Ok, i sent my hijack this log off to the correct section and they didnt find any malware at all...

so where do we go now with this probelm of the add/remove programs???


----------



## Col Colt (Dec 26, 2004)

Any program/file(s) I have a hard time deleting I use MoveOn Boot. Also, any program you delete will always leave behind misc. files iin the registry. If you know what those files are called and where they're located it's a simple matter of going into the registry and just deleting them. If you're anxious about fooling with the registry, I would use the program Reg Supreme to scan and get rid of extraneous junk files still handing in there. It's about $15 but worth it to me. If you don't want to spend anything, RegSeeker is another good program that will allow you to clean the registry and find files in there, plus other good stuff.
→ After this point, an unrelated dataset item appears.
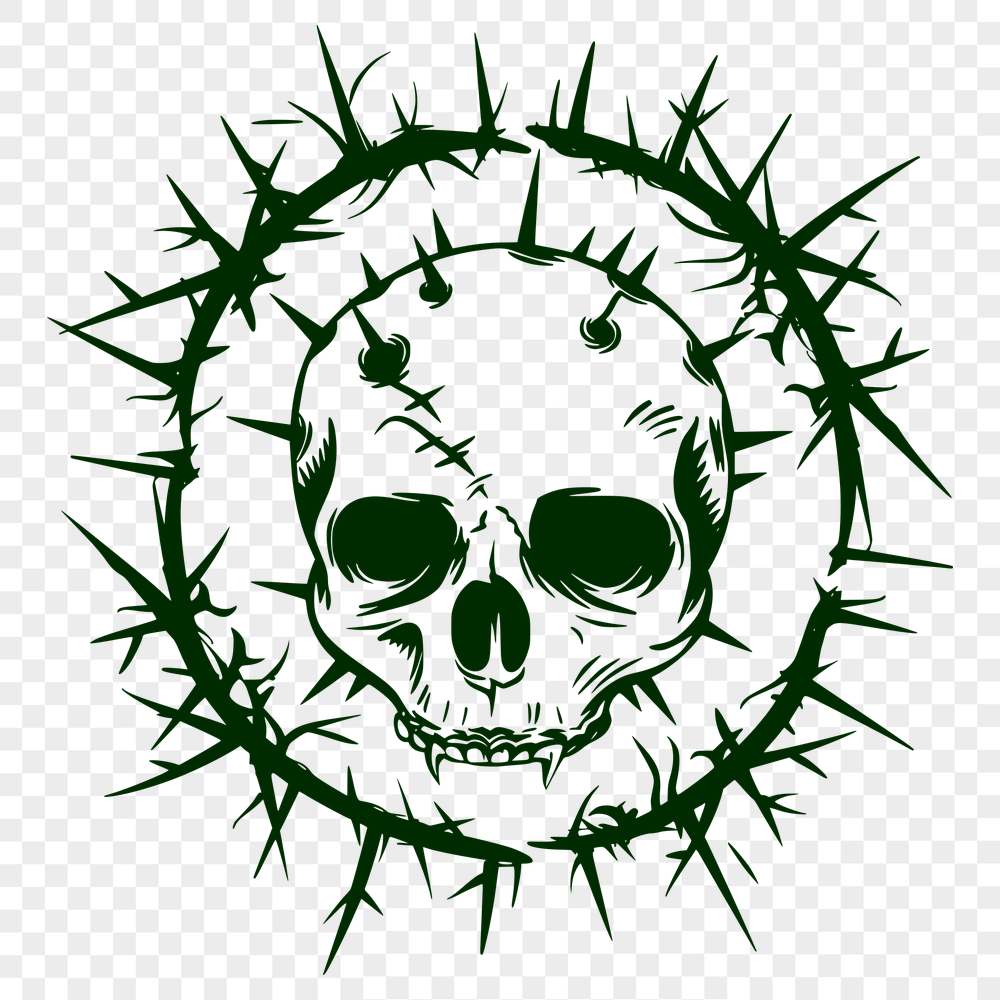 Creative Skull - Craft PNG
http://www.softwarepatch.com/software/moveonboot.html

http://www.macecraft.com/regsupreme/

http://www.hoverdesk.net/freeware.htm (RegSeeker)


----------



## malice69 (May 19, 2005)

Cheers mate, but i just did a system restore and it fixed the problem.


----------



## Col Colt (Dec 26, 2004)

That's great...it still doesn't hurt to have those programs. A man can never be overgunned with programs! :sayyes:


----------



## mishkins (Nov 22, 2005)

my zone alarm pro has blocked about 130,000 intrustions over the last month but when I close my torrent program fast people still try to talk to my computer and after the program closes so does the port so thats what it's blocking


----------



## malice69 (May 19, 2005)

Cheers col colt you've been a great help and thanx for your speedy replies.


----------